What is needed: Reproduce the full listing that appears beneath this instruction exactly.

The records:

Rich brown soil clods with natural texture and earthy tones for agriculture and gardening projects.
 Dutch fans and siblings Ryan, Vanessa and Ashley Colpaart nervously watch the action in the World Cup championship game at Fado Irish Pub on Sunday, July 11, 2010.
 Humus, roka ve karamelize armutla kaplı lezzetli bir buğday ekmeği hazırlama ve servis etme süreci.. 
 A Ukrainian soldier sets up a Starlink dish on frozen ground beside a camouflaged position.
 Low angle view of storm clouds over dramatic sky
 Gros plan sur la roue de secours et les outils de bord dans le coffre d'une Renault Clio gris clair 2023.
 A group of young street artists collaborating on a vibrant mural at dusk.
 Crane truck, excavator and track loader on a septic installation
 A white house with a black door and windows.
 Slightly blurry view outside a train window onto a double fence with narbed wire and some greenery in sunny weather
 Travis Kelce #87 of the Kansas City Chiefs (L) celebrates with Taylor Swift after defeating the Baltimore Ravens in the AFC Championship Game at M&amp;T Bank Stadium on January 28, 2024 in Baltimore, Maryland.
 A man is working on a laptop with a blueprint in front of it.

Exercise answer:
Rich brown soil clods with natural texture and earthy tones for agriculture and gardening projects.
 Dutch fans and siblings Ryan, Vanessa and Ashley Colpaart nervously watch the action in the World Cup championship game at Fado Irish Pub on Sunday, July 11, 2010.
 Humus, roka ve karamelize armutla kaplı lezzetli bir buğday ekmeği hazırlama ve servis etme süreci.. 
 A Ukrainian soldier sets up a Starlink dish on frozen ground beside a camouflaged position.
 Low angle view of storm clouds over dramatic sky
 Gros plan sur la roue de secours et les outils de bord dans le coffre d'une Renault Clio gris clair 2023.
 A group of young street artists collaborating on a vibrant mural at dusk.
 Crane truck, excavator and track loader on a septic installation
 A white house with a black door and windows.
 Slightly blurry view outside a train window onto a double fence with narbed wire and some greenery in sunny weather
 Travis Kelce #87 of the Kansas City Chiefs (L) celebrates with Taylor Swift after defeating the Baltimore Ravens in the AFC Championship Game at M&amp;T Bank Stadium on January 28, 2024 in Baltimore, Maryland.
 A man is working on a laptop with a blueprint in front of it.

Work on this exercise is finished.